Just venting, puzzling death

LukFox

Active member
I noticed that one of my fimbriated eels, Stripes, had thrown up her squid from the night before so I cleaned up all I could find. I caught it early before it really dirtied the water, and I think she just threw up because I fed her too much (though it was a new batch hmmm). I leave and hours later I find the other fimbriated, Spots, has thrown up probably as a result of the little spike from earlier, or maybe the squid itself if it is a bad batch. This time I decide it is best just to change out all of the water so I get the eels in a bucket with some water from my other tank.

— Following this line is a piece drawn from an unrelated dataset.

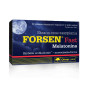 Мелатонін для спорту Olimp Nutrition Forsen Fast Melatonina 30 Tabs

As I'm draining this tank the eels are doing perfectly in the bucket. They're alert, they look fine. I fill the tank back up and it is taking some time for the sand to settle, plus I notice the corals are sliming up and are dirtying the new water. I clean up the corals that are pretty far gone and do ANOTHER complete water change. I am checking on the eels frequently and both are doing just fine, angrily gaping at me when I check on them as usual.

Since they had been in a bucket a while I decide it would be a good idea to add a little Prime just to hold them over a little longer. At this time the eels were still acting 100% normal. I check on them maybe 10 minutes after adding the Prime and both eels are lifeless laying limp on the bottom, not breathing. I'm half in disbelief and reach in and grab Spots who gives a twitch. Stripes is totally unresponsive.

Realizing there is still a small hope I plop them in a Kritter Keeper and put them in quarantine (currently housing a small fish, which is why the eels didn't go here first). To my surprise Stripes starts breathing after a couple minutes, but Spots never comes back despite holding her up to the filter outflow for a while. By morning Stripes makes a pretty complete recovery, but I'm still really upset about this whole thing. I wouldn't have expected a small amount of Prime to do that so quickly, and if it was not the Prime I am not sure what happened. Both were fine until that addition of Prime... Just really hard to accept because I definitely didn't expect to lose one over this.

Old photo of Spots :(
15ezecz.jpg
 
Maybe it was a bad batch of food and the prime caused some sort of reaction?

That's what it looked like, but I'm not sure what kind of reaction could have happened. I know Prime reacts badly with Cupramine, but as far as anything else I don't know.
 
Too bad the ell had to die. Why change out all of the water, though? Especially with corals in the tank, and having to take the eels out. Was it a matter of a small problem turning into a bigger one?
 
Yeah it started as a small problem, but then I went out and didn't find the second eel barfed until later. The water was cloudy by then and ammonia was spiking pretty good. I figured it would be faster just to replace all of the water, and I wanted the eels out of the gross water fast.
 
That really sucks.

For what it's worth, Prime temporarily lowers the pH of whatever volume it's added to. I was told that on this forum and verified it through a pH test when I didnt believe it ;)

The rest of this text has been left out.